Court File and Parties
COURT FILE NO.: CV-20-1231 DATE: 2023-03-16 SUPERIOR COURT OF JUSTICE - ONTARIO
RE: NICHOLAS MARK CHESNEY, CHESNEY DESIGN & BUILD and JEREMY EVANS, Plaintiffs/Responding Parties AND: 2706669 ONTARIO INC. and ADAM CHRIS MALAMIS, Defendants/Moving Parties
BEFORE: Tranquilli J.
COUNSEL: Mr. Chapman, W., for the Plaintiffs/Responding Parties Mr. MacLean, K., for the Defendants/Moving Parties
HEARD: February 8, 2023
Endorsement
Introduction
[1] The defendant 27006669 Ontario Inc. moves under s. 44 of the Construction Act, R.S.O. 1990, c. C. 30 for an order reducing the security posted by the defendant in respect of a construction lien registered by the plaintiffs regarding the renovation of a London residential property.
[2] The defendants acknowledge the plaintiffs have properly claimed lienable services and materials. However, they submit the plaintiffs included either non-lienable services and materials or clearly inflated the value of other lienable services in respect of their supply of goods and services in the renovation of that property.
[3] The defendants submit that this action is a lost profit/lost opportunity claim for equitable relief masquerading as a construction lien. The security posted in respect of the construction lien must be reduced from $173,125.00 to $15,903.19. The defendants contend this is the proper face value of the lien, including 25% for security for costs.
[4] The plaintiffs submit that the motion should be dismissed. The plaintiffs argue that there is a genuine issue requiring trial on whether the amounts claimed are properly the subject of the lien. The action is already set down for trial in accordance with the expedited procedure under the Construction Act and scheduling will be addressed at the April 2023 assignment court.
[5] These reasons explain why the court is satisfied that the defendants are entitled to the relief sought on the motion.
[6] The court finds that the defendants have established, on a balance of probabilities, that the plaintiffs included either non-lienable or exaggerated goods and services in the lien claim. At its core, the court is satisfied that the basis for the disputed items in the lien are in the nature of a claim for an equitable interest by way of a share of the value of the subject property, based upon an alleged agreement among the parties and the subsequent work performed by the plaintiffs. However, to properly be the subject of a lien, the Construction Act requires that the claim must come within the definition of “services or materials supplied to the improvement.” Damages at large, such as lost opportunity costs, loss of profits or aggravated damages will not form the basis for a valid lien: Selectra Inc. v. The Corporation of the Town of Penetanguishene, 2016 ONSC 2293 at para. 14.
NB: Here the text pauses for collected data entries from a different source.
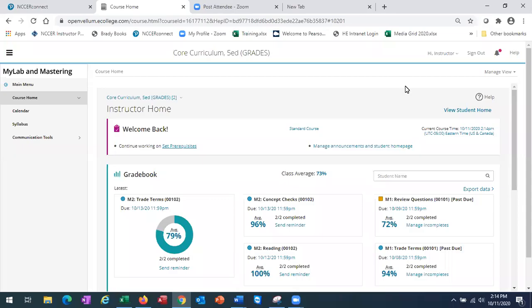Welcome to NCCER Connect. In this video, I will walk you through how to set prerequisites. Prerequisites specify assignments that students must complete before they can work on another assignment.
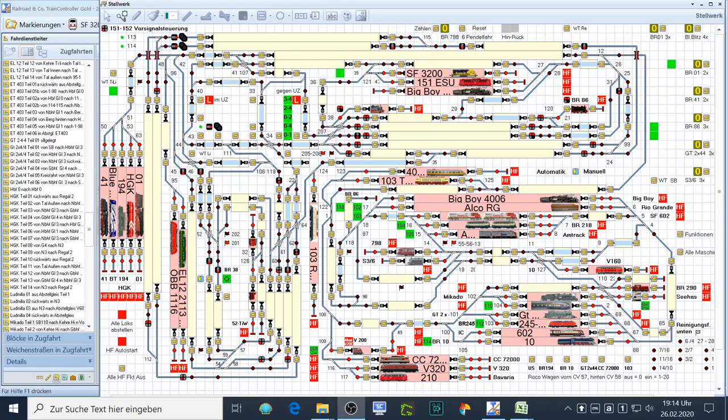In the last part of this video sequence you will see my US trains operating automatically. I just start one train manually and all the rest is done automatically, which means that the trains during their train routes start other trains, or when a train route is finished, it starts the next train route of the same train or even another train.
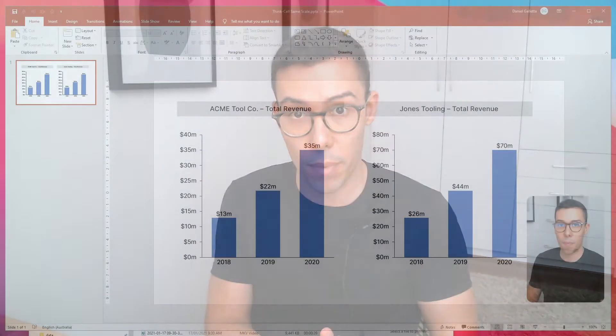Hey guys, today we're going to look at a very simple ThinkCell trick, which is setting two charts to the same scale so we can easily compare across both of them.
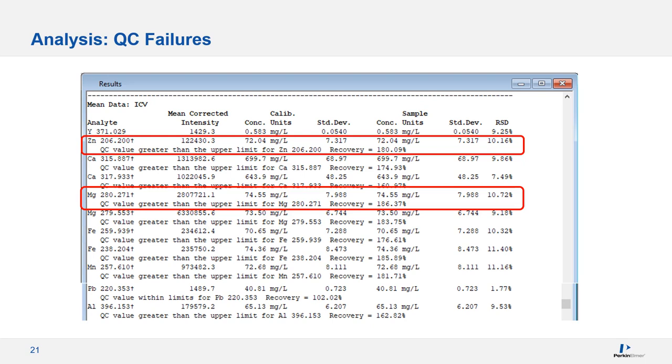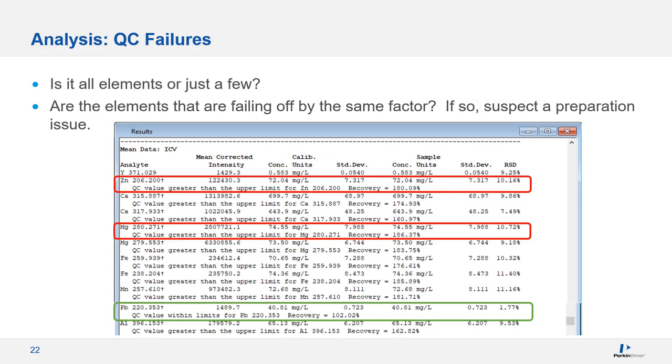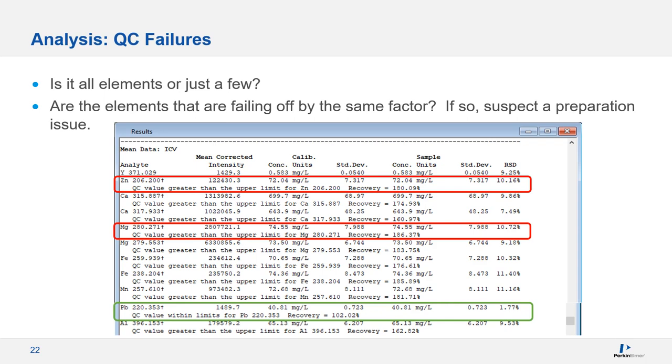Let's take a look at one particular data set as an example. When your QC fails, here are some questions to ask yourself. Is it all elements or just a few? If it's just a few, you need to give some thought as to what is different between the good elements and the bad elements. If all of the elements are off and by the same factor, this is usually an indication of a sample preparation error, such as an issue with pipetting or dilution. Here you see zinc and magnesium, along with several other analytes. They're failing, but lead is fine. If lead is not added separately from the other analytes, a pipetting or dilution error is unlikely.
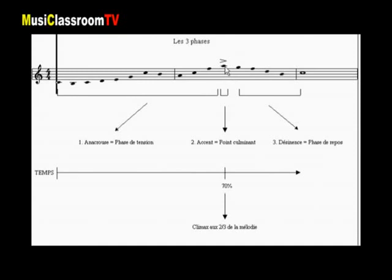La seconde phase, c'est l'accent ou climax, qui est la phase de tension maximale, le point maximal de tension d'une mélodie. Immédiatement suivi par la troisième phase, qui est une phase de désinence ou de retour au repos.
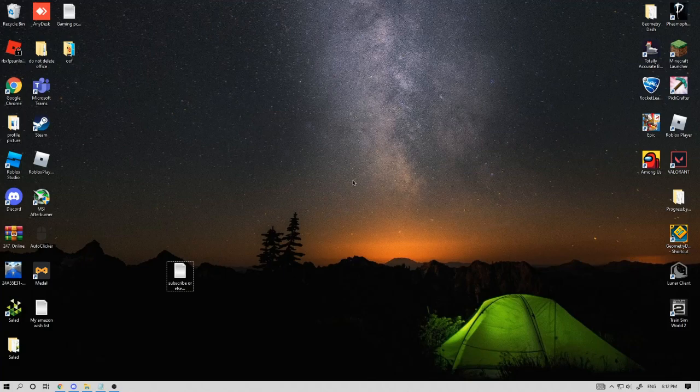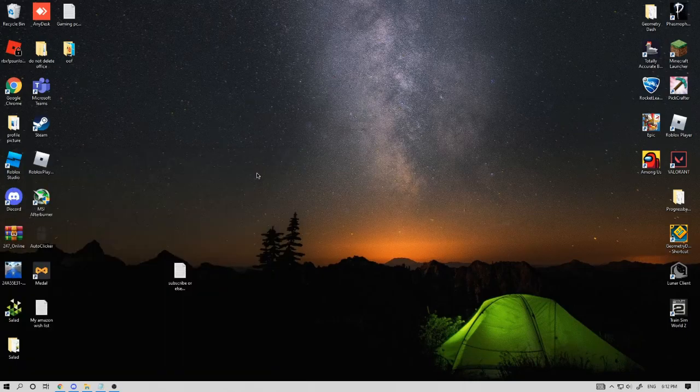VirtualBox is more important, since that is the program we will install Windows XP on. All of the files are in the description. Next, open up VirtualBox and follow my steps.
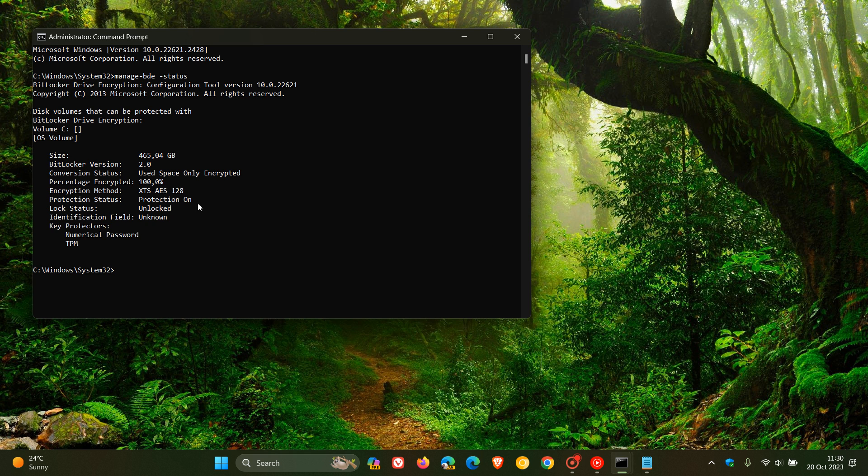And software encryption, by the way, is enabled on Windows 11 Home that I'm running. As mentioned, the hardware encryption is enabled by default on Windows 11 Pro. But if you are running Windows 11 Home, you get software encryption as in this case.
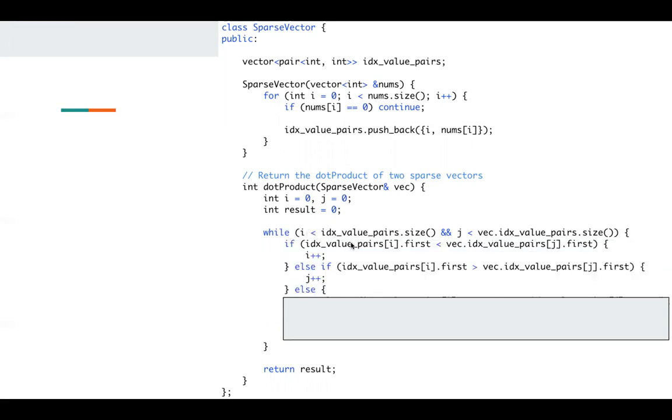If the index in the first index value pairs is smaller, I will increment i. If the index in the second one is smaller, I will increment j.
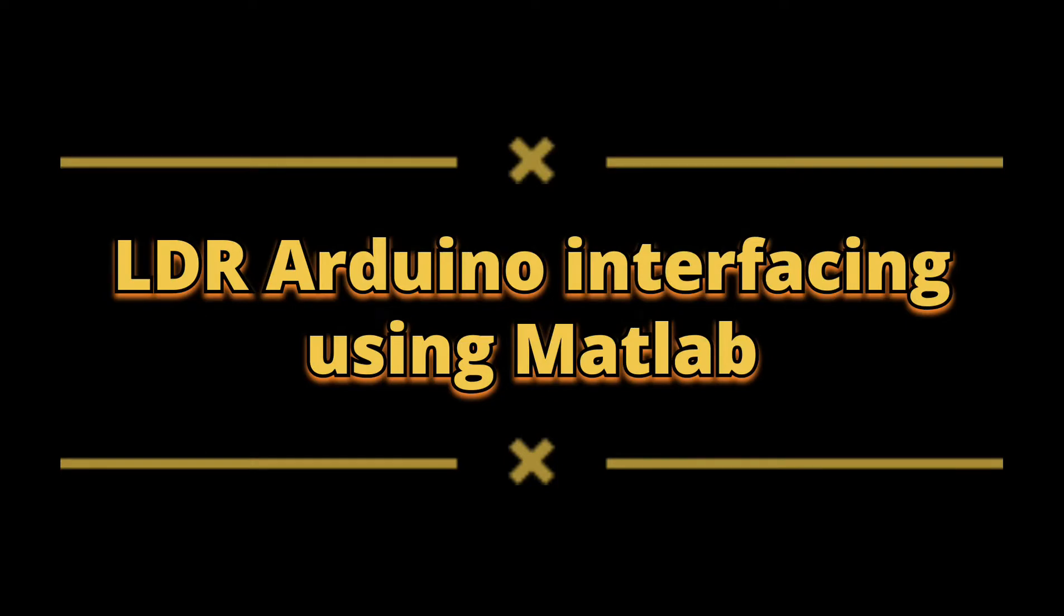Hello everyone, in this particular video, I am going to explain about the LDR sensor Arduino interfacing using MATLAB software.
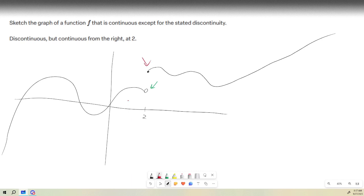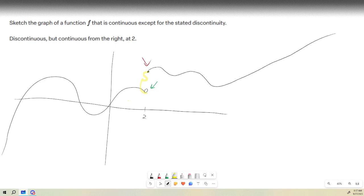So it's discontinuous at 2 because it has this jump, but it's continuous from the right because the value of the function at 2 is its limit from the right.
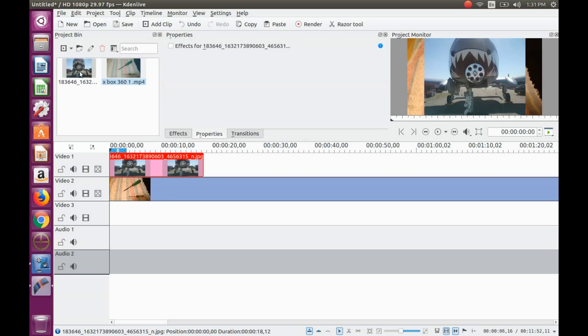This is Redfeather from Grepax. In this video we will be showing you a quick and easy way to set up an animation in KDN Live using the slide transition.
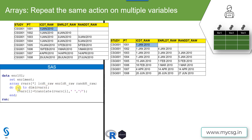The syntax is to loop from one to dim of RVARS. The dim function returns the number of variables specified in the RVARS short name. As we have specified three variables, the dim function applied on RVARS returns the value of three. So technically this becomes do i equals one to three. If we had another date variable and specified it here, the dim function would return four and the loop would run four times from one to four.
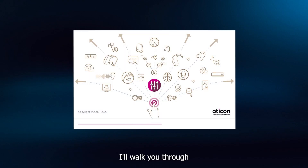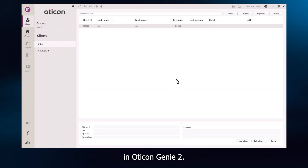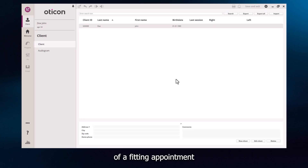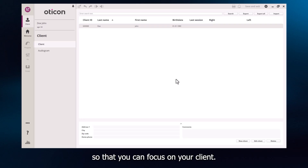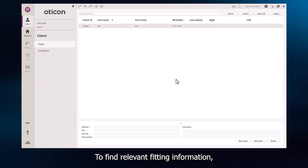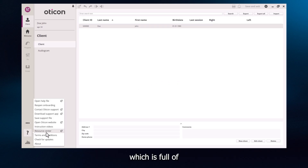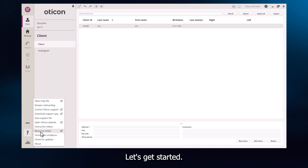In this video, I'll walk you through how to perform a great first fitting in Oticon Genie 2. The fitting software aligns with the structure of a fitting appointment so that you can focus on your client. To find relevant fitting information, we recommend looking at the Resource Centre, which is full of helpful guides and videos. Let's get started.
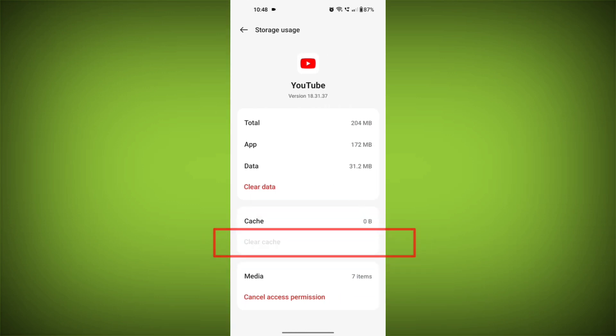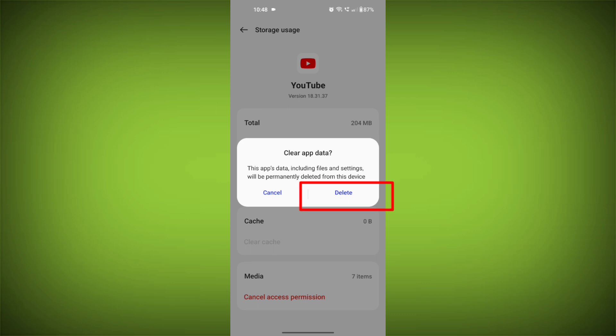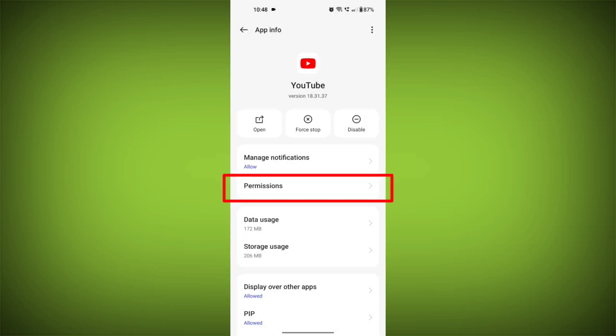Then tap on clear data and confirm to clear it. Go back and find permissions. Allow all the permissions.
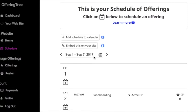To do this, simply click on Schedule within the administrative panel of your OfferingTree account.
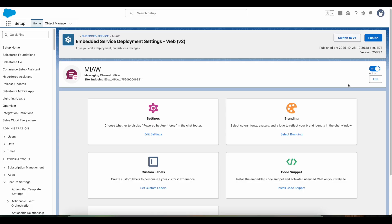You will receive an email saying that the deployment is published successfully. Once you receive that email, you can refresh your browser screen. After refreshing, on this page you should see the latest date on the Published On message — the time and date should match with when you clicked the Switch to Version 2 button.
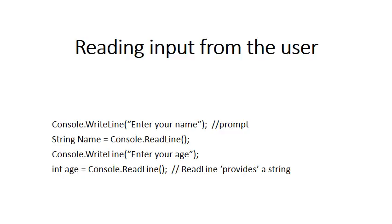So the 2, 3 comes through as the string 2, 3 which obviously cannot be assigned to age. So this int age is assigned to console.ReadLine. It is a syntax error. We're trying to give a string to an integer.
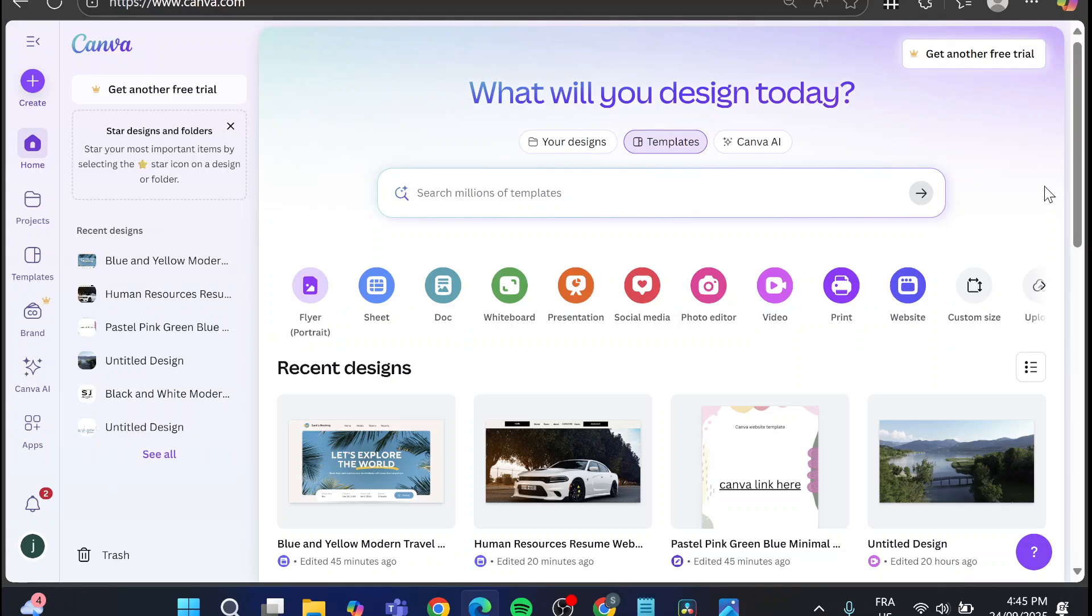So we are going to head over canva.com, sign in for an account and as you can see we're going to be on our account list. Now what we're going to do next is going to be very simple. Head over the website that you want to change the URL for.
[7] The security posted to vacate the lien shall be reduced from $173,125 to $15,903.19.
Background
[8] It is useful to review the factual contentions that form the background of the contractual dispute, the registration of the construction lien against the title of a residential property municipally known as 73 Cartwright Street (“the Property”) and the events that preceded this motion.
The Plaintiffs’ Version
[9] The plaintiffs allege they entered into a contract with the defendants for the “total price” of $138,500 for renovation of the Property. The plaintiffs plead that they completed the work under the contract on May 20, 2020 and rendered an invoice to the defendants for that sum. They claim damages in the sum of this invoice and seek payment of its claim from the proceeds of the security deposited with the court by the defendants to vacate the lien.
The Defendants’ Version
[10] The defendants acknowledge there was an agreement for the provision of renovation services; however, outline a significantly different version of events. They claim this dispute arose from a business venture between the parties that soured and in which the plaintiffs are now trying to claim what amounts to an equitable or other interest in the Property, and which are not properly the subject of a construction lien.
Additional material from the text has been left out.